CREATE TABLE MeasurementData (
    DataId bigint IDENTITY(1,1) NOT NULL PRIMARY KEY,
    ApplicationId int NOT NULL,    -- FK to Application table
    DateCollected datetime NOT NULL,
    Length int NULL,
    Width int NULL,
    Height int NULL,
    Color int NULL,
    Shape int NULL,
    Mass int NULL
)
CREATE TABLE Application (
    ApplicationId int IDENTITY(1,1) NOT NULL PRIMARY KEY,
    CompanyId int NOT NULL,    -- FK to Company table
    SerialNumber nvarchar(50) NOT NULL
)
CREATE TABLE Company (
    CompanyId int IDENTITY(1,1) NOT NULL PRIMARY KEY,
    CompanyName nvarchar(50) NOT NULL
)

And then we have the user table, the roles table, etc, where there's a 1-n relationship btw company and user.

FYI, the web app will then present the data with tables, graphs, etc (communicating via the REST web service layer)

Ed Sinek
  • 4,829
  • 10
  • 53
  • 81
  • You are going to have to switch to storing the data vertically.

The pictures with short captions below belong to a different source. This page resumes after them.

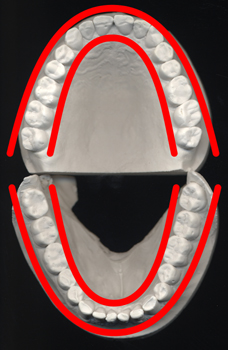 Doppel U auf Gipsmodell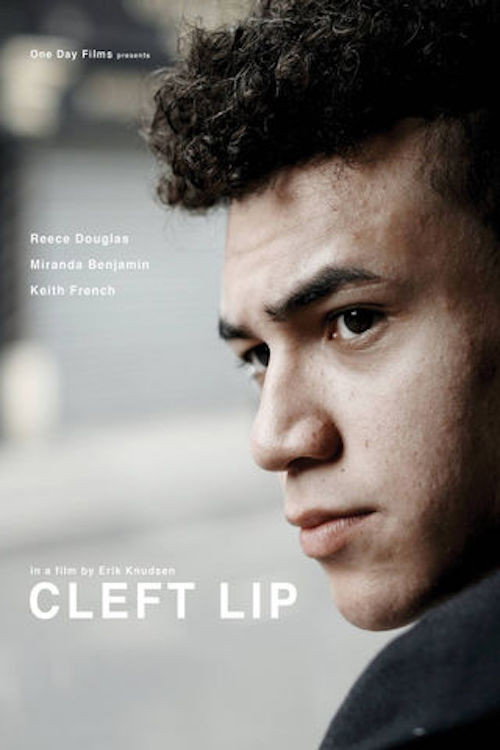 Poster for Cleft Lip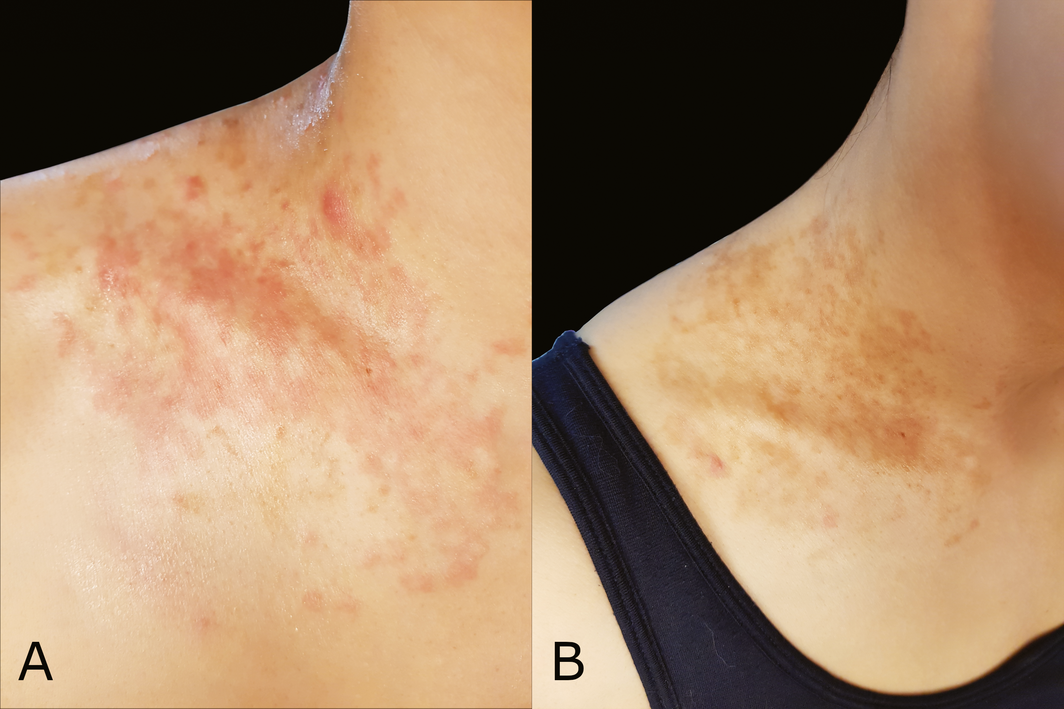 Other Metabolic States Linked to Prurigo Pigmentosa - visual representation
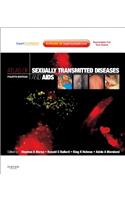 Atlas of Sexually Transmitted Diseases and AIDS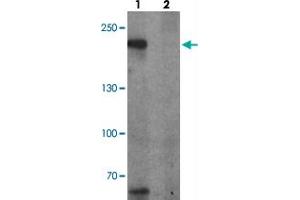 Western blot analysis of TET3 in SK-N-SH cell lysate with TET3 polyclonal antibody  at 1 ug/ml in (1) the absence and (2) the presence of blocking peptide. (TET3 抗体  (AA 1520-1570))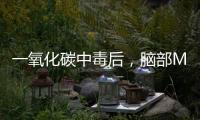 一氧化碳中毒后，腦部MRI是這樣的
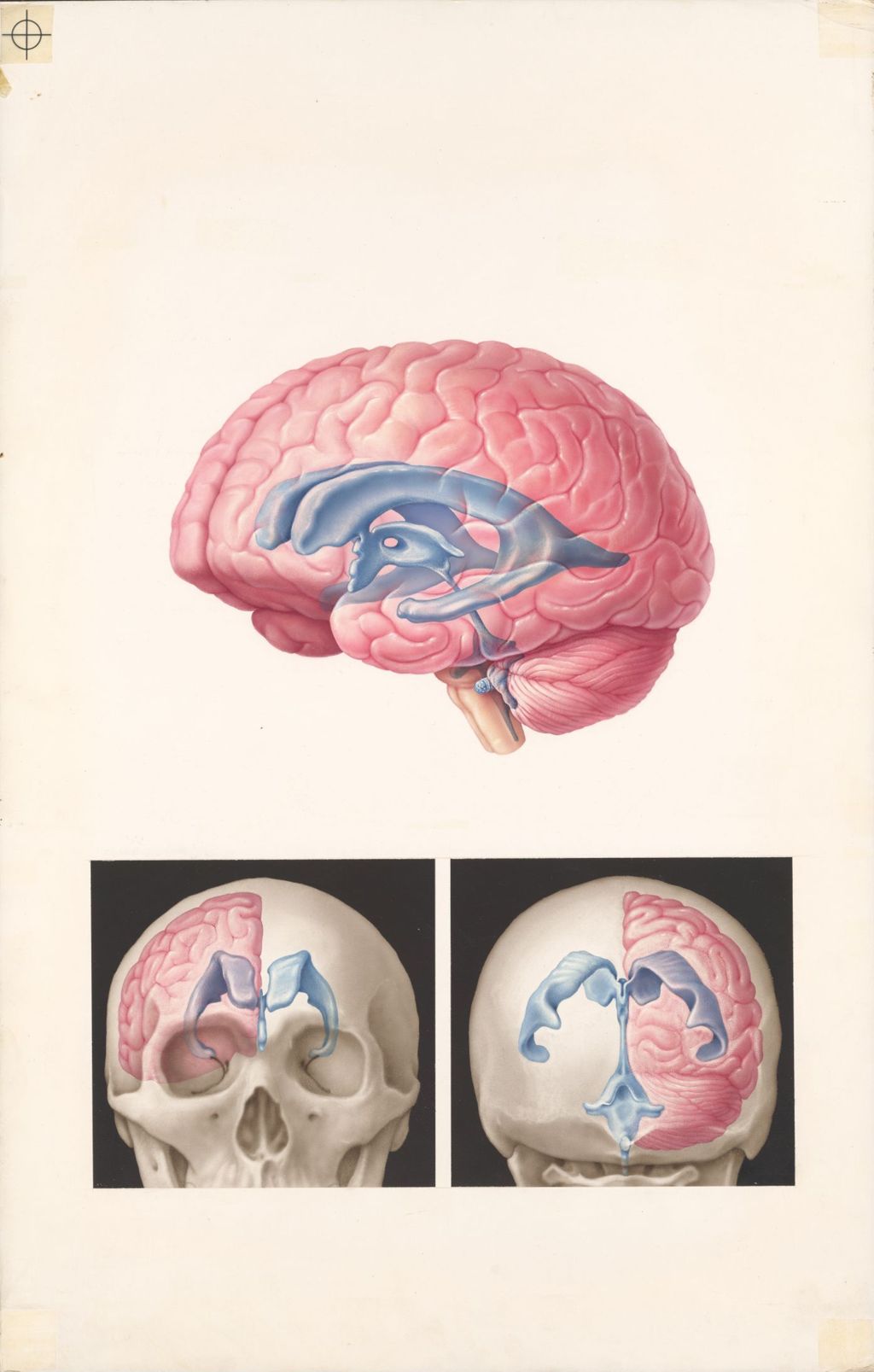 Medical Profiles, Plate I, The normal anatomy of the ventricular system of the brain
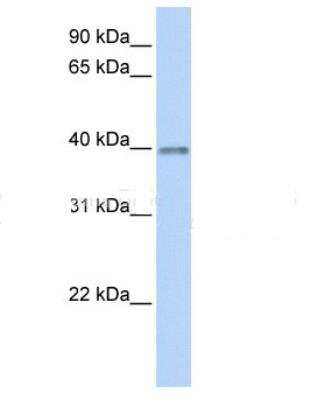 Western Blot: Opticin Antibody [NBP1-79568]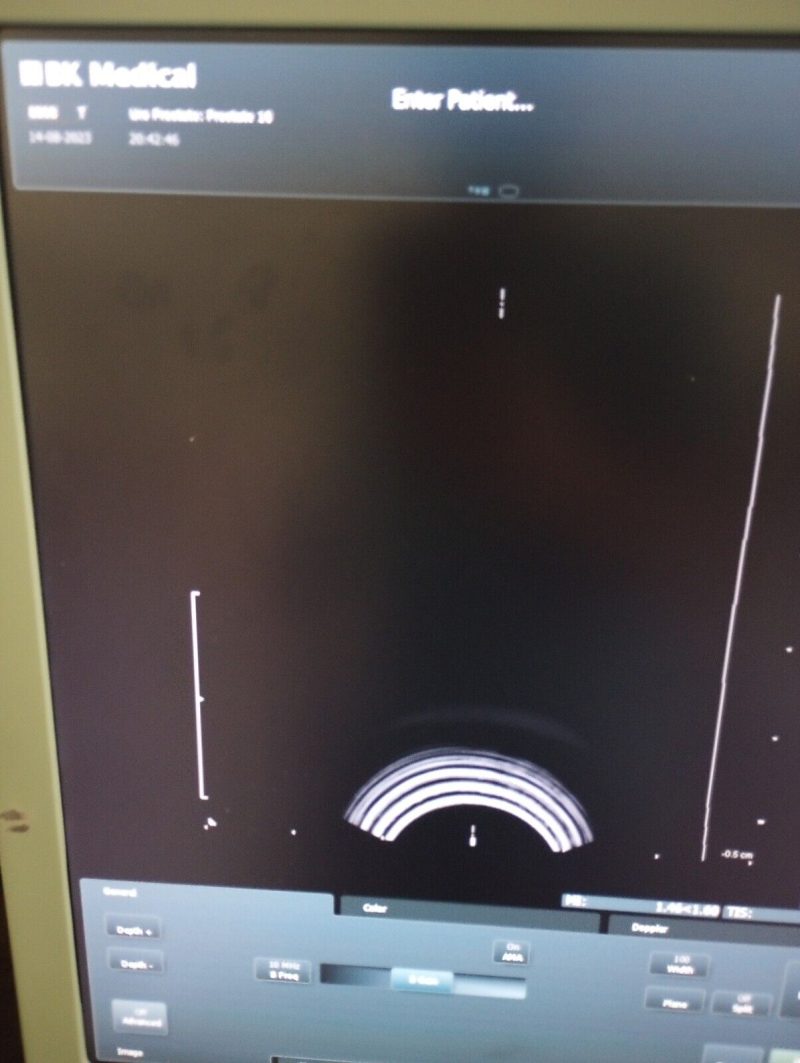 BK B&K Medical 8808 Ultrasound Transducer / Probe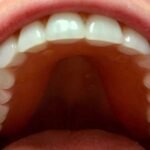 snap-on-dentures-after-top-teeth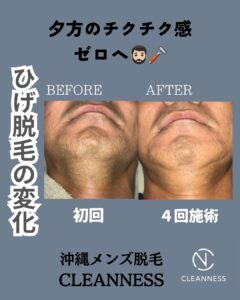 夕方のチクチク感ゼロへ!沖縄メンズ脱毛 1 4AC0733C 4203 4B92 8123 5B813B854DD2 夕方のチクチク感ゼロへ!沖縄メンズ脱毛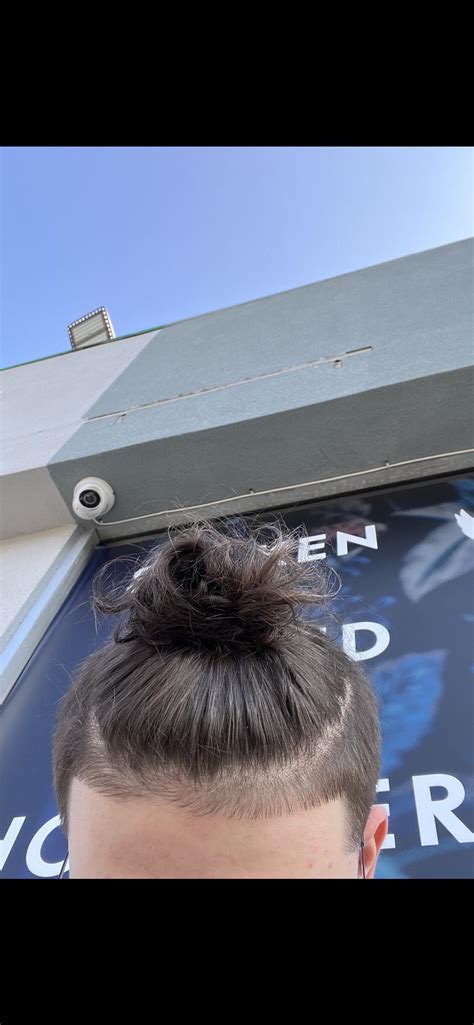 Is my hairline as messed up as I think or am I buggin ? : r/malehairadvice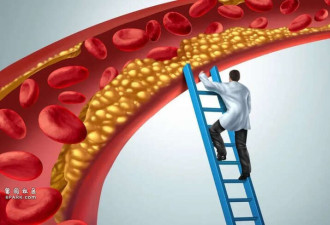 高血脂会遗传,年轻时就有迹象 3种情况就该查血脂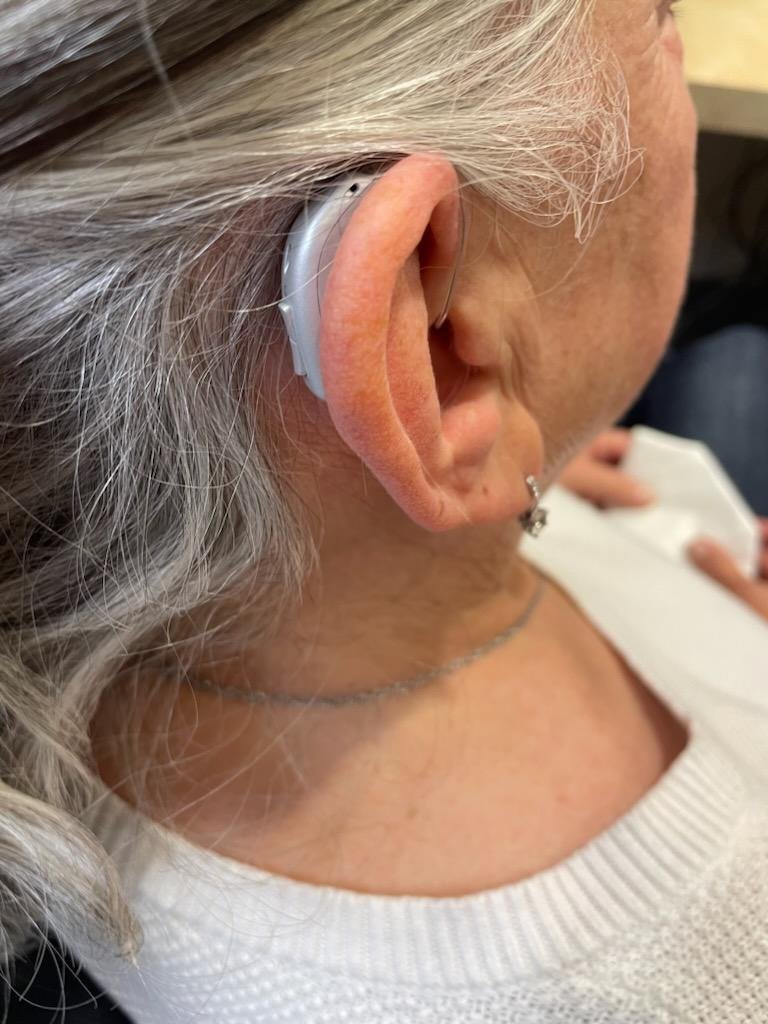 Hearing "Enhancements." An update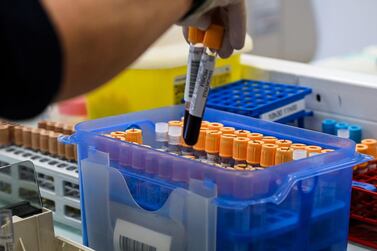 Another study has suggested that blood type may play a role in the severity of Covid-19. AFP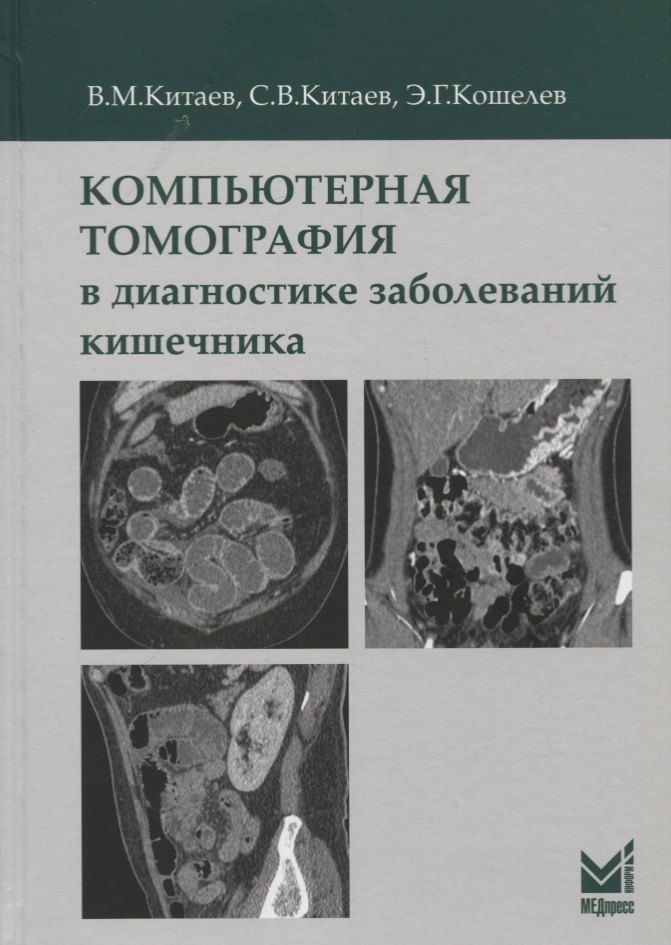 

Компьютерная томография в диагностике заболеваний кишечника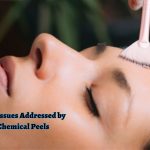 Skin Issues Addressed by Chemical Peels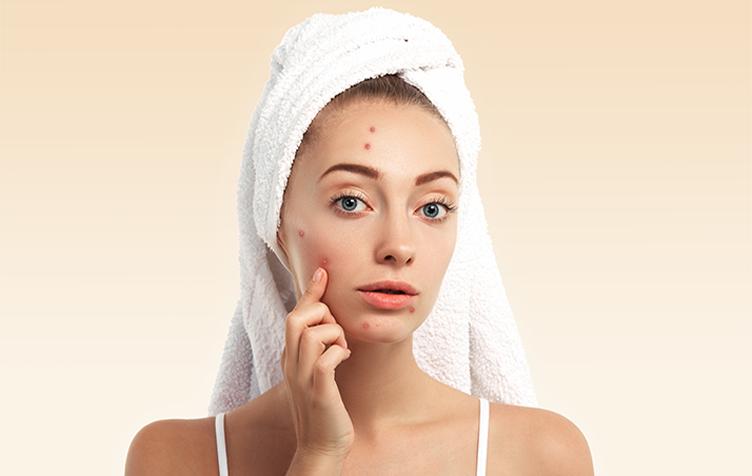Acne Removal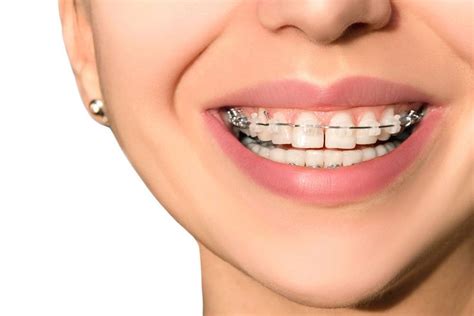 Braces How They Work And Care In 2020 Orthodontics Orthodontist Best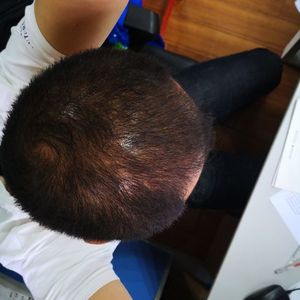 发际线分享社区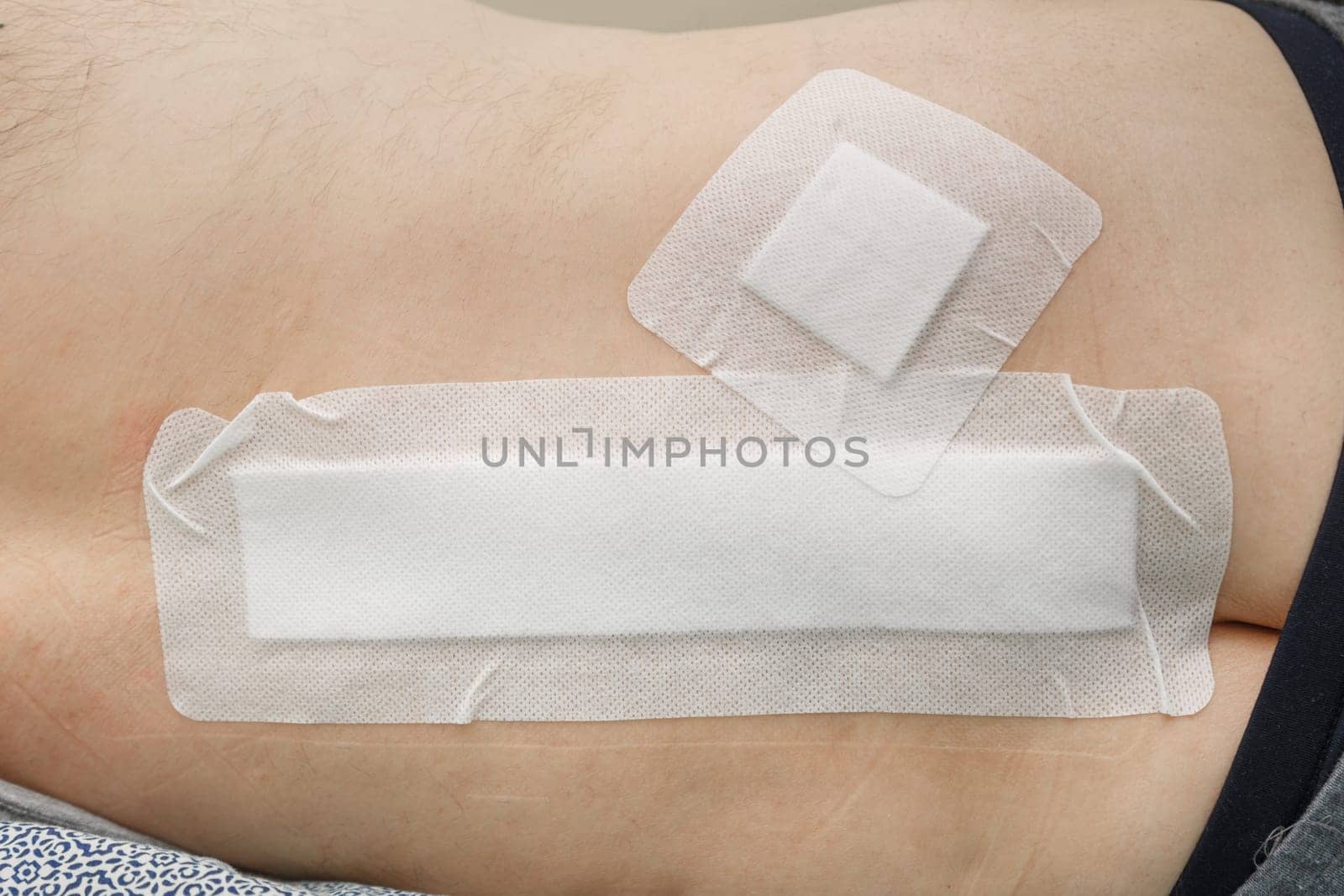 Postoperative suture sealed with a plaster after spinal surgery
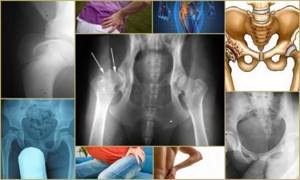 Остеохондроз тазобедренного сустава: причины и симптоматика патологии, клиническая картина и методики лечения заболевания, факторы риска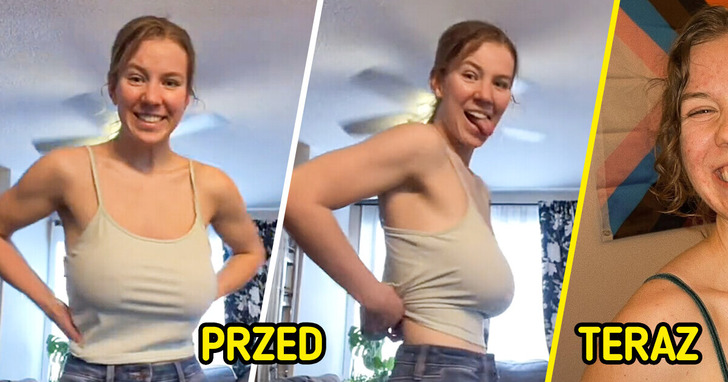 Kobieta dokumentuje operację zmniejszenia piersi i pokazuje szokujące rezultaty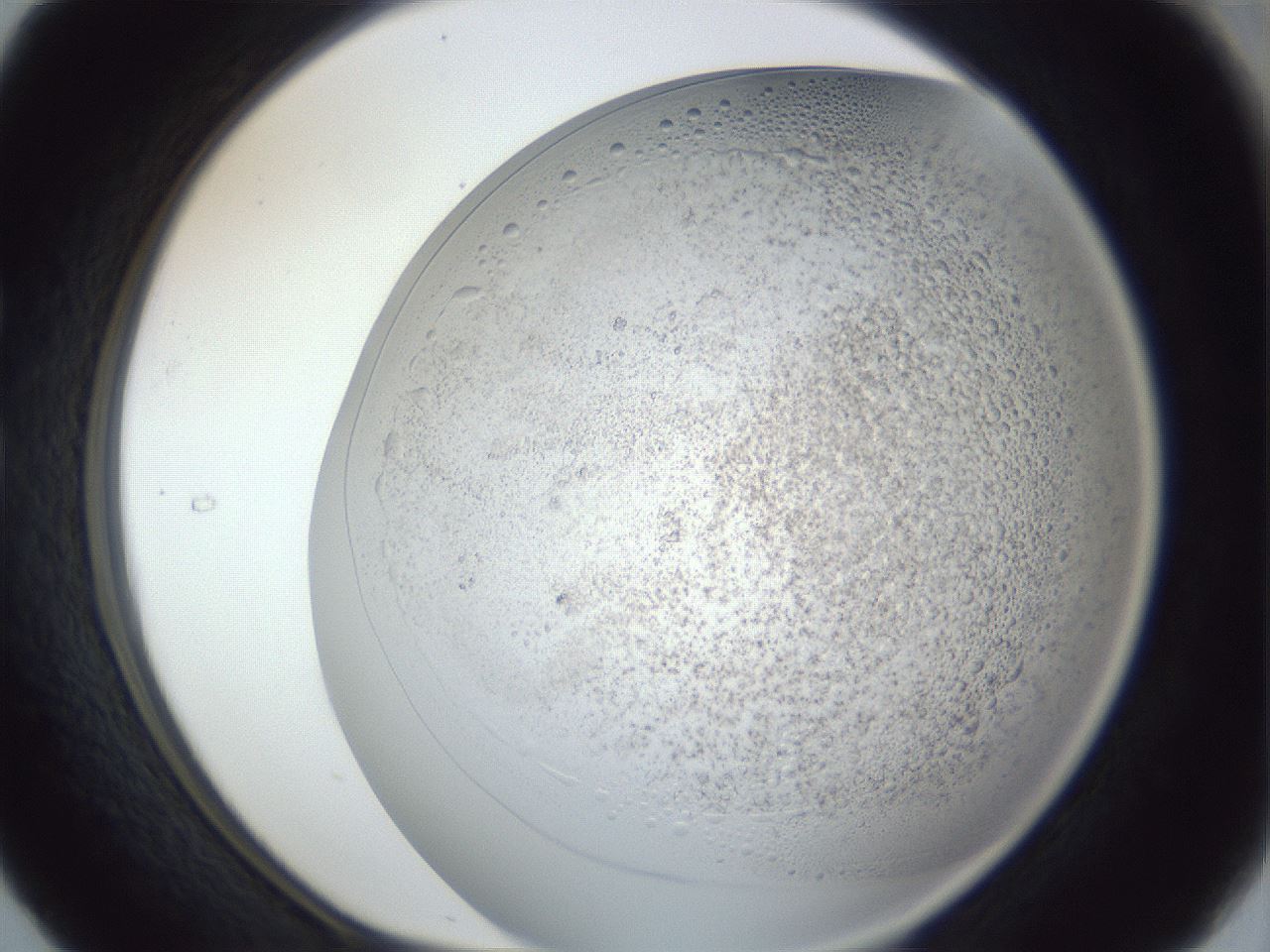 folderID966_plateID966_batchID1372_wellNum29_profileID1_d1_r37690_ef.jpg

This will allow for an infinite amount of measures, and also help performance as you can reduce transmitted data to just the measurements the user subscribes to. – Malk Jan 22 '11 at 03:45

2 Answers2

2

Can you add two more tables? One with the types of measurements and the other with a mapping from the type to the measurement itself?

Basically A table with {DataId, DataMeasurementTypeId, DataValue} and {DataMeasurementTypeId, DataMeasurementType}

That should allow you to provide stored procedures to retrieve all Datameasurements in a table.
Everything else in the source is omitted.